The common denominator to the two claims is water – both fresh water and geothermal.

In essence, the claimants in these claims argued that Māori have unsatisfied or unrecognised proprietary rights and interests in water, and that they are prejudiced by Crown policies that refuse to recognise those rights and interests or to compensate for their usurpation for commercial purposes. The claimants further argued that there is an ongoing breach of their residual proprietary rights, which were guaranteed and protected by the Treaty from 1840 onwards, and they sought, and seek, recognition of their rights and, where those rights cannot be fully restored, the claimants seek compensation from the Crown.

Under the Treaty of Waitangi Act 1975, Māori claimants may bring a claim to the Tribunal that any legislation, Crown policy, Crown action, or Crown omission (failure to act) is in 2 breach of the principles of the Treaty, and that they have been prejudiced thereby. If the Tribunal considers the claim to be well founded, it may make recommendations for the removal of the prejudice or to prevent any future prejudice. In the Water Inquiry, while the focal point of the claims is two particular Crown policies (the partial privatisation of the water-using SOEs and the resource management reforms), there is also a general dimension to the claims that is far wider than the two policies about which specific complaint is made. The claimants’ view is that the legal and political regimes under which water is used and managed in New Zealand are in breach of the principles of the Treaty, because they fail to protect or provide for Māori Treaty rights, and in particular for Māori proprietary rights.

Stage 1: MOM programme

In order to deal first with the most urgent part of the Water Inquiry, the Tribunal divided the hearing of the claims into two stages. Stage 1 dealt with the conversion of the SOEs into mixed ownership model (“MOM”) companies. The Tribunal agreed to prioritise this part of the Water Inquiry because of the then Government’s express desire to offer shares in Mighty River Power for sale in the third quarter of 2012. At Stage 1 the claim was essentially that if privatisation went ahead without first recognising (or preserving the Crown’s capacity to recognise) Māori rights in water, then the claimants would suffer irreversible prejudice.The claimants argued that it would be too late for the Crown to try to provide meaningful recognition of their commercial interests by way of shares in the MOM power companies, by a levy or royalty, or by some other means, after 49% of the shares in the MOM companies have been sold to private investors on the basis of a zero-cost for water.

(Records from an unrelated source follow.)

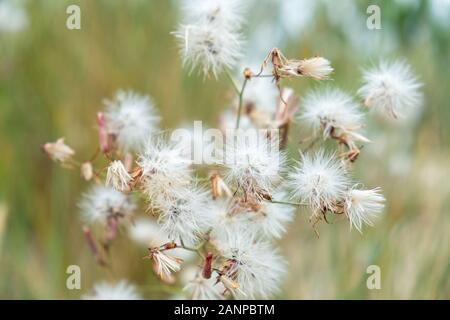 Weiß verdorrte Thistle auf einer Düne an der Ostsee Stockfoto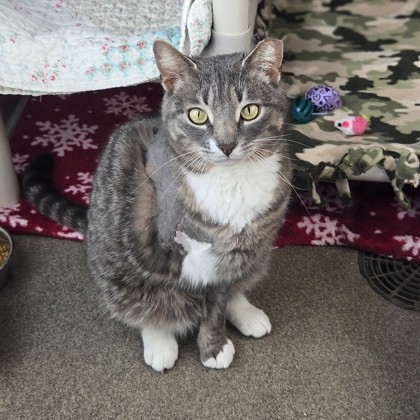 Smokey - Volunteer Pick!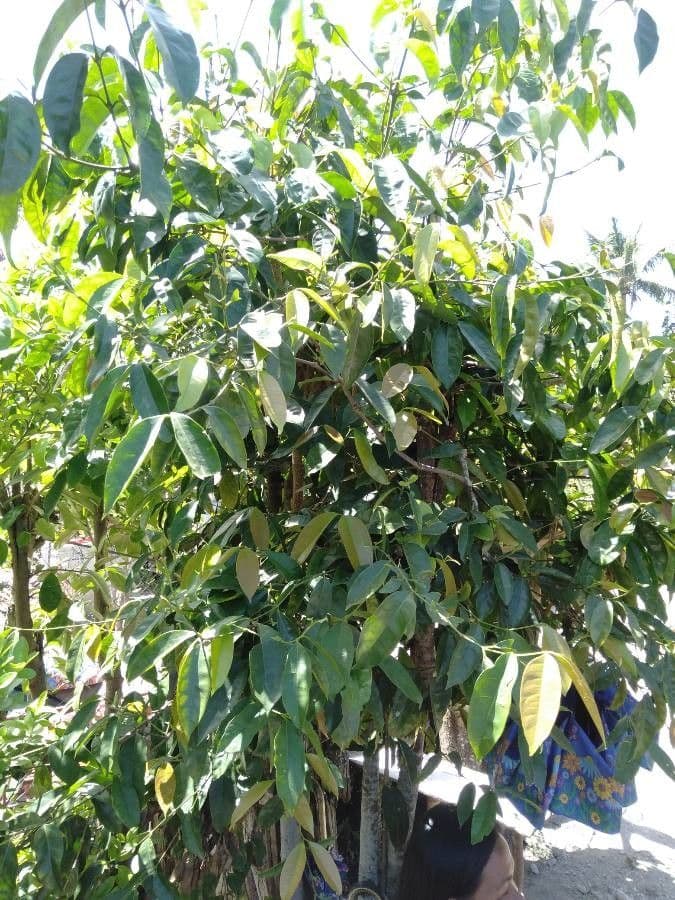 Gnetum gnemon 13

The Tribunal’s generic finding in its Stage 1 report was that (section 2.8.3(3), page 81):

…Māori had rights and interests in their water bodies for which the closest English equivalent in 1840 was ownership rights, and that such rights were confirmed, guaranteed, and protected by the Treaty of Waitangi, save to the extent that there was an expectation in the Treaty that the waters would be shared with the incoming settlers. The nature and extent of the proprietary right was the exclusive right to control access to and use of the water while it was in their rohe.

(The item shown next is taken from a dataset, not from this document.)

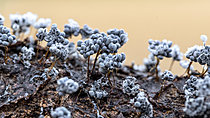 Biosphoto | 2621498 | Hanging Slime Mold (Badhamia utricularis) sporangia on decaying wood, Gers, France | &copy; Marie Aymerez / Biosphoto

Turning to the MOM programme, the Tribunal reasoned that its finding as to the nature and extent of Māori rights and interests in water bodies meant that a commercial option for rights recognition or redress (where recognition is not possible) was essential, and that that commercial option or options should, as far as possible, provide for the Māori development right guaranteed by the Treaty. Against this background, the Tribunal accepted the arguments for the Crown that it would still be able to provide many such options after the sale of shares in the MOM companies as before (section 3.9.2, page 142):

We think that the claimants’ evidence has shown that it will be significantly more difficult for the Crown to do so once it has introduced thousands of ‘mum and dad’ investors into the political mix. We suspect that the Crown’s evidence underestimated the political obstacle that these new interests will put in the way of a tax, levy, royalty, or resource rental for the use of water to generate electricity. … But it will not be impossible for the Crown to introduce this kind of rights recognition or redress after the partial privatisation of the MOM companies. As the Crown says, it will have to balance the interests concerned (including the possibility of consumer price rises) in a Treatycompliant manner. But we note the Crown’s own evidence and submissions that it may be possible to provide a commercial option that does not affect profit or result in price rises.

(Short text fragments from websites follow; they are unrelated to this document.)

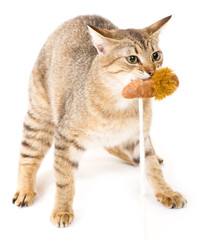 Obraz premium Beautiful young cat with toy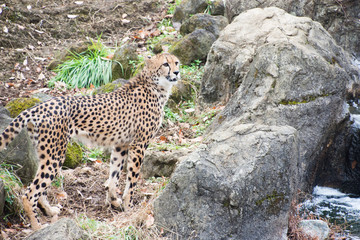 チーター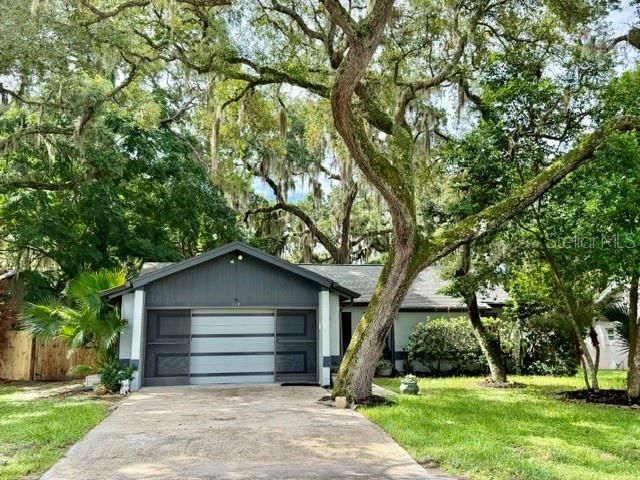 RAMBLEWOOD - Residential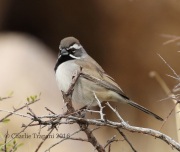 0J6A9446Black-Throated_Sparrow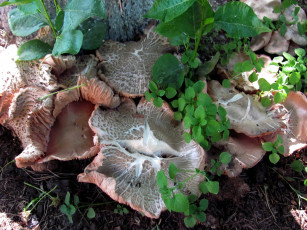 Картинка природа грибы шляпки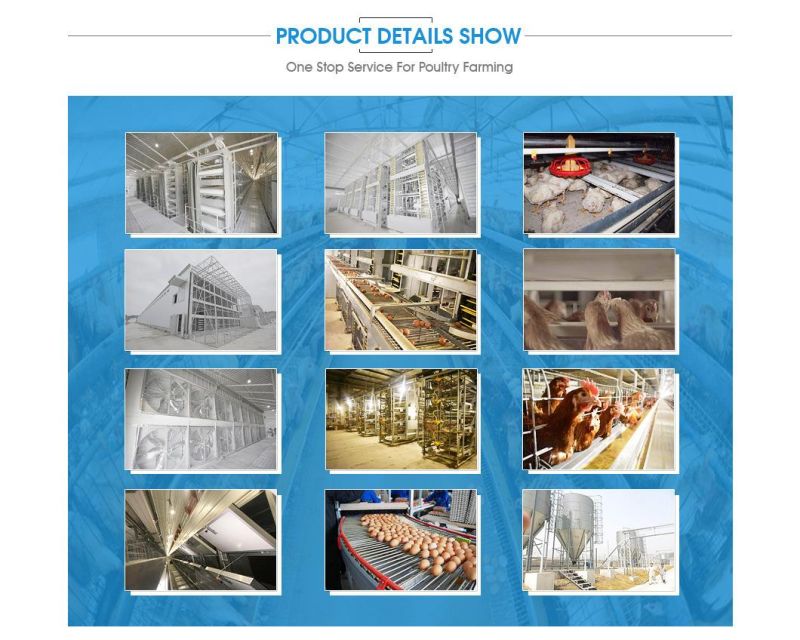 Lonfeng Poultry Farm Equipment for A Type of Layer Cage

… We accept the Crown’s assurances, given as part of our inquiry, that it is open to discussing the possibility of Māori proprietary rights (short of full ownership), that it will not be ‘chilled’ by the possibility of overseas investors’ claims, and that the MOM policy will not prevent it from providing appropriate rights recognition once the rights have been clarified.…

But there is one area in which the Crown will not be able to provide appropriate rights recognition or redress after the partial privatisation, and that is in the area that we have termed ‘shares plus’: the provision of shares or special classes of shares which, in conjunction with amended company constitutions and shareholders’ agreements, could provide Māori with a meaningful form of commercial rights recognition. As we have found, ‘shares plus’ are not ‘fungible’ and company law would in practical terms prevent the Crown from providing this form of rights recognition after the introduction of private shareholdings, certainly after the sale of more than 25 per cent of shares and arguably before that too.…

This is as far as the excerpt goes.